事案の概要:
- 不動産業者Xが不動産業者Zの媒介で、売主Yから土地建物の売買契約を締結(売買代金7,200万円)。
- 売買契約書には、現状有姿のまま引き渡す旨と、雨漏り等の責任は売主が引渡し後2か月以内に発見されたもののみを負うことが記載。
- 重要事項説明書には、排水や浄化槽についての情報があり、物件状況報告書には隣地の利用や配管の有無についての記載があった。
- 引渡し後、Xが調査すると、隣地所有者Aとの共有共用の排水管と浄化槽が埋設されていることが判明。
- Xは瑕疵担保責任または債務不履行責任を根拠に、損害賠償を求めてYに提訴。
判決の要旨:
- Xは排水管と浄化槽の埋設を知らず、存在が地表面からは認識できない隠れた瑕疵であることが認められた。

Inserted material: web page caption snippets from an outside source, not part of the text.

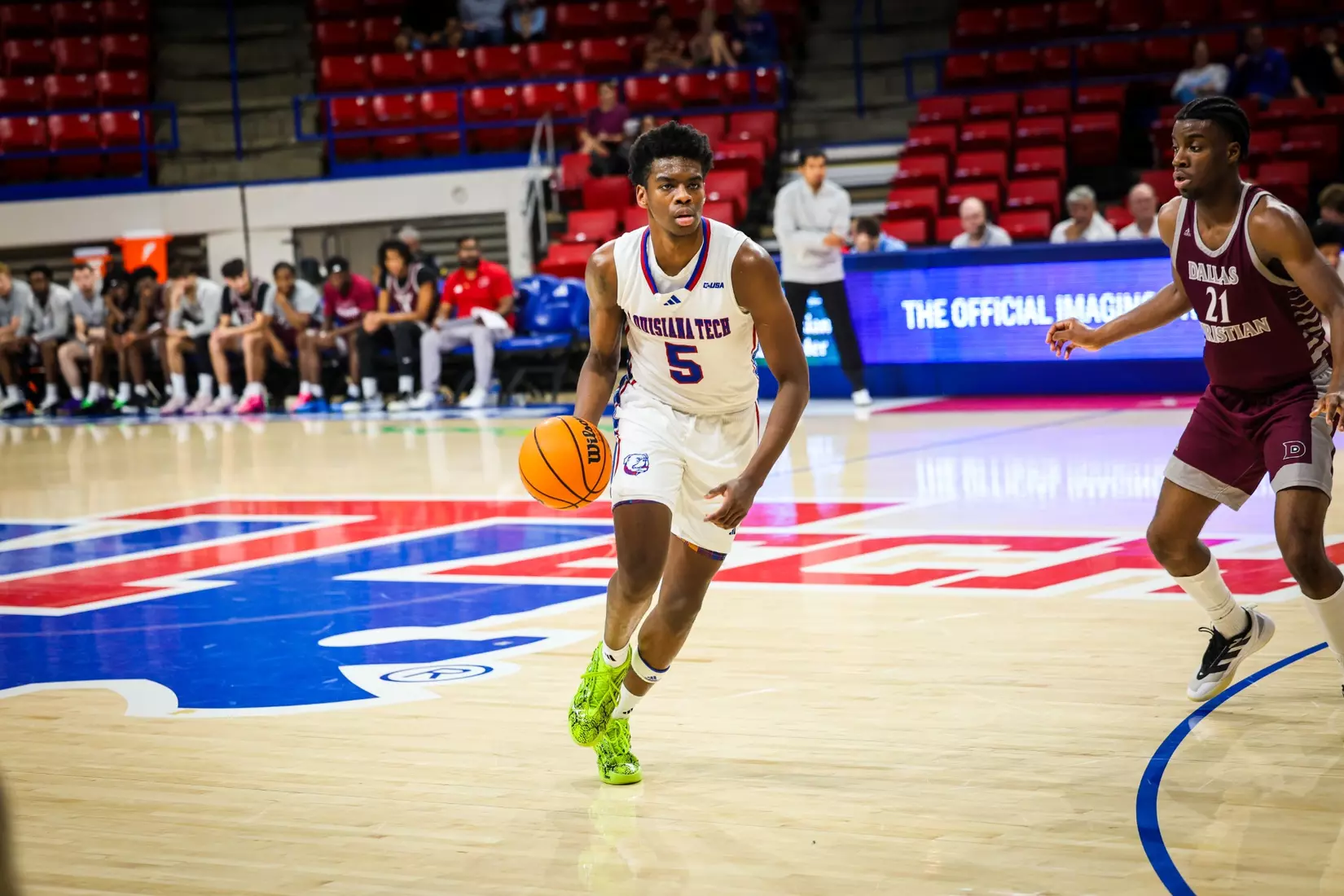 Bulldogs close out non-conference play with 90-37 win over Crusaders
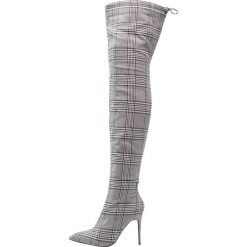 Buty zimowe damskie: Glamorous Kozaki na obcasie black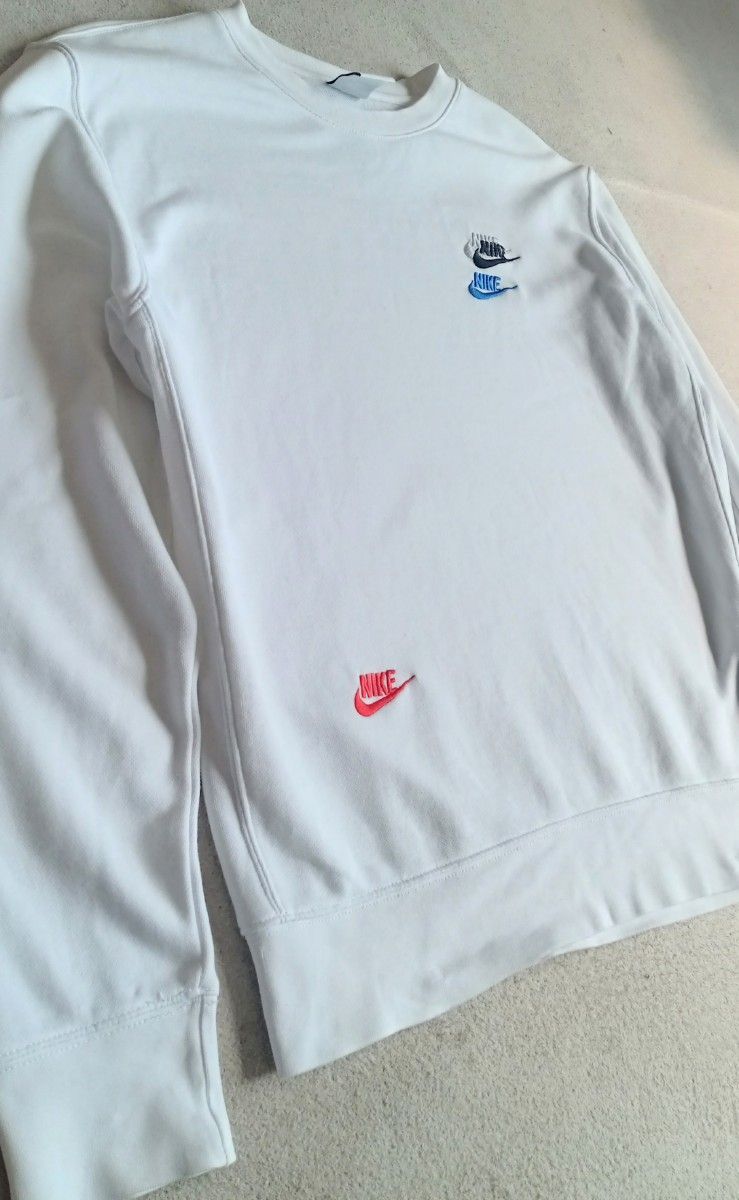 価格相談OK ナイキ NIKE 3連スウッシュロゴ カラフルロゴ 刺繍 価格相談OK ナイキ NIKE 3連スウッシュロゴ カラフルロゴ 刺繍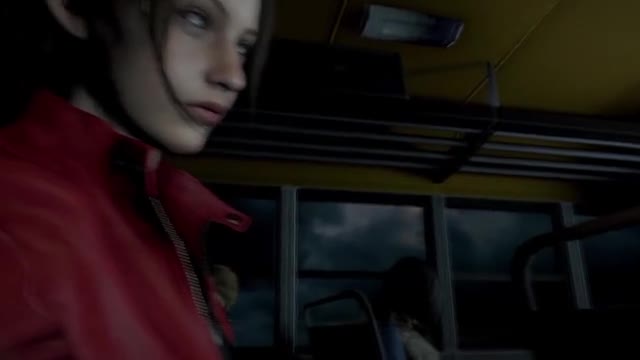 Claire Redfield Bus Handjob (Yellowbea)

- 売買契約書には特約があり、瑕疵担保責任は雨漏り等に限定されていたが、Yは浄化槽がAとの共有共用であった事実を知っており、それをXに告げなかったことが認められた。
- 特約によっても免れない場合、売主の瑕疵担保責任は認められる。
- Xには過失がなく、被った損害について解約違約金(50万円)と火災保険料(1万9千円)を認めるのが相当とされた。
まとめ:
- 特約がある場合でも、売主が隠れた瑕疵を知りながら告げなかった場合は、瑕疵担保責任が認められる。